First, only by protecting private property rights can we ensure that resources will not be depleted. Private landowners, for instance, will internalise the costs of using scarce resources and thereby ensure that they will be productive in the long term.1 In contrast, resources that are shared (that have the status of “commons”) are destined to be overused, because of the collective action problem so influentially described in 1968 by Garrett Hardin as the “tragedy of the commons”: as illustrated by the overgrazing of open pastures, resources that are not privatised will be depleted, because every user will take out as much as possible without regard to the sustainability of the resource.2
Second, property rights transform resources into a capital that can be financialised. In contrast, capital that is not formally recognised is “dead”: it cannot be used as collateral by would-be entrepreneurs in order to monetise it. This is the argument made familiar by H. de Soto in his most important book, The Mystery of Capital, published in 2000,3 in which he attributes the failure of poor countries to grow to undeveloped property regimes. Even before it was made explicit in de Soto’s work, the argument played a central role in the titling programs implemented under the auspices of the World Bank and other organisations in the developing world in the 1990s, a process that gained pace during the past decade.
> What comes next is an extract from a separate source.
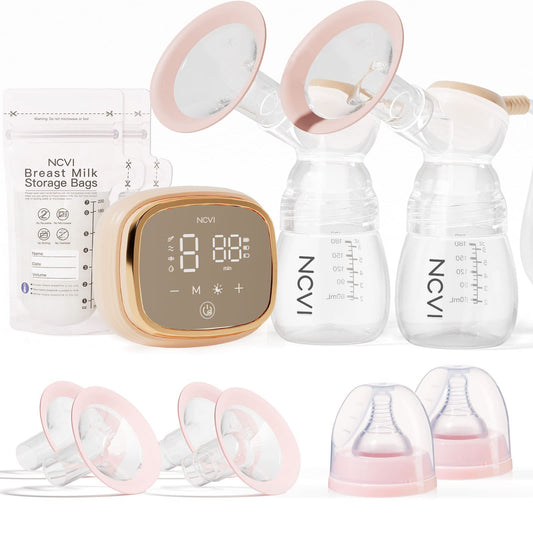 NCVI Double Electric Breast Pump 8782, Portable Anti-Backflow, with 4 Size Flanges, 4 Modes & 9 Levels, LED Display, 10 Breastmilk Storage Bags, Ultra-Quiet and Pain Free Breast Pumps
Third, the clarification of property rights encourages the emergence of efficient markets: by lowering transaction costs, resources will go to the most productive user, thus maximising their productivity as economic assets. The intellectual roots of this argument can be found in “The Problem of Social Cost”,4 the article that made Ronald H. Coase famous, where he remarked that in a hypothetical world of low or zero transaction costs (which he insisted is not the world we live in), the freedom of transactions would result in solutions that are most economically efficient. The basic reasoning was simple enough: buyers of property will pay the price they consider reasonable, taking into consideration the expected income streams from the productive use of assets. The efficient allocation of resources should translate, in the aggregate, to general economic growth – a positive spill-over effect that has inspired admirers of trickle down economics.
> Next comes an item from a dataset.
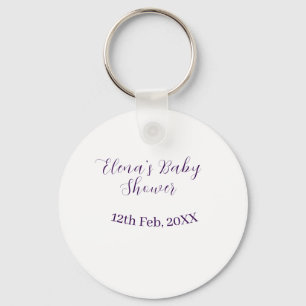 Paarse babyshower naam datum stijlvol elegant eenv sleutelhanger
We question these arguments, not by challenging their intrinsic validity, but because of their distributive consequences.5 Our starting point is essential resources, access to which is vital or a condition for the individual’s ability to live a decent life. These resources, we argue, cannot be considered solely as ingredients in the general quest for economic efficiency. Nor would it be morally right to simply postulate that economic efficiency (the source of economic growth) shall ultimately benefit all members of society, thanks to the benevolent ʻleft hand’ of the State, whose redistributive policies will ensure that even the poorest will reap part of the general gains. Such redistribution does not work at the global level, which lacks a central authority to engage in re-distributional policies. Even at the domestic level, accepting such a postulate would not be realistic in many polities today. Such a compensatory approach also underestimates the non-economic value of certain essential resources, such as land or water. Continued access to them is a source of resilience in times of crisis for the poorest communities, and a condition of social inclusion. In many societies it is also a component of social citizenship and cultural identity.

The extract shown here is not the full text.